Exercise goal:
When a line below contains the word "Photo", copy that line.

Records contained in a dataset:
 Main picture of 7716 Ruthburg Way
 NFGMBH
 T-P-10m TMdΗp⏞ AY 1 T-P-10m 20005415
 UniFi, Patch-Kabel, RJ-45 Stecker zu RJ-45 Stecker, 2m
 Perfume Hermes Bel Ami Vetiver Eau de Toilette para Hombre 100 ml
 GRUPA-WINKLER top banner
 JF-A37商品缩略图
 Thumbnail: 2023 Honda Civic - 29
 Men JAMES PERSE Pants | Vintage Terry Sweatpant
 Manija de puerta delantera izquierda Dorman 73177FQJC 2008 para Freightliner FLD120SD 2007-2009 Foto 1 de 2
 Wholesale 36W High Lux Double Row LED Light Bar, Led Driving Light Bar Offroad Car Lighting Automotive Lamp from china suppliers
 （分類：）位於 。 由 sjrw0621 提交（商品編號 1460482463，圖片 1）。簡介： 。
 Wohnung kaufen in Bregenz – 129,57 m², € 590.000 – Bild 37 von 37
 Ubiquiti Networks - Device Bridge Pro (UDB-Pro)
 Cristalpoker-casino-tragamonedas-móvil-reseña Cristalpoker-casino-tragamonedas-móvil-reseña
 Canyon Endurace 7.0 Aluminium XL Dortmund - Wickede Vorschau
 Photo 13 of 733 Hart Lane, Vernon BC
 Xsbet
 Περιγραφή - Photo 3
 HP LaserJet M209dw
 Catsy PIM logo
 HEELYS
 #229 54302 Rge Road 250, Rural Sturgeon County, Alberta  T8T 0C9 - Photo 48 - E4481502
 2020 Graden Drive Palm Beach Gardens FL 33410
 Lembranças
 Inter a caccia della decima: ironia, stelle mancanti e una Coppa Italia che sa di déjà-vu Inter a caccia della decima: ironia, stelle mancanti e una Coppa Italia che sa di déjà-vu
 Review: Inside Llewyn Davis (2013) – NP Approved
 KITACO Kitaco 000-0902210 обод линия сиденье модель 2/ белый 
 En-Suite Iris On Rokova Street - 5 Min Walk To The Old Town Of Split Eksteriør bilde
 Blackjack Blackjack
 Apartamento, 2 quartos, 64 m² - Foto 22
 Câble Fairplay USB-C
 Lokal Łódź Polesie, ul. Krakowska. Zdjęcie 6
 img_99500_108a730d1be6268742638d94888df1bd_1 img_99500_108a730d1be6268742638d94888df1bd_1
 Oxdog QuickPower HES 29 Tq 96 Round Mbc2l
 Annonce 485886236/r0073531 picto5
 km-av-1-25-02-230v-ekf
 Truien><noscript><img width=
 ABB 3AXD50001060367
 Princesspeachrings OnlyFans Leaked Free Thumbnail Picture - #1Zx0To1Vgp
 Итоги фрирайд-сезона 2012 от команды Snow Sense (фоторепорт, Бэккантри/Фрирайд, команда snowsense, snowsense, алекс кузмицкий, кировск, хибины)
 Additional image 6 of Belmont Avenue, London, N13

Solution to this task:
 Photo 13 of 733 Hart Lane, Vernon BC
 Περιγραφή - Photo 3
 #229 54302 Rge Road 250, Rural Sturgeon County, Alberta  T8T 0C9 - Photo 48 - E4481502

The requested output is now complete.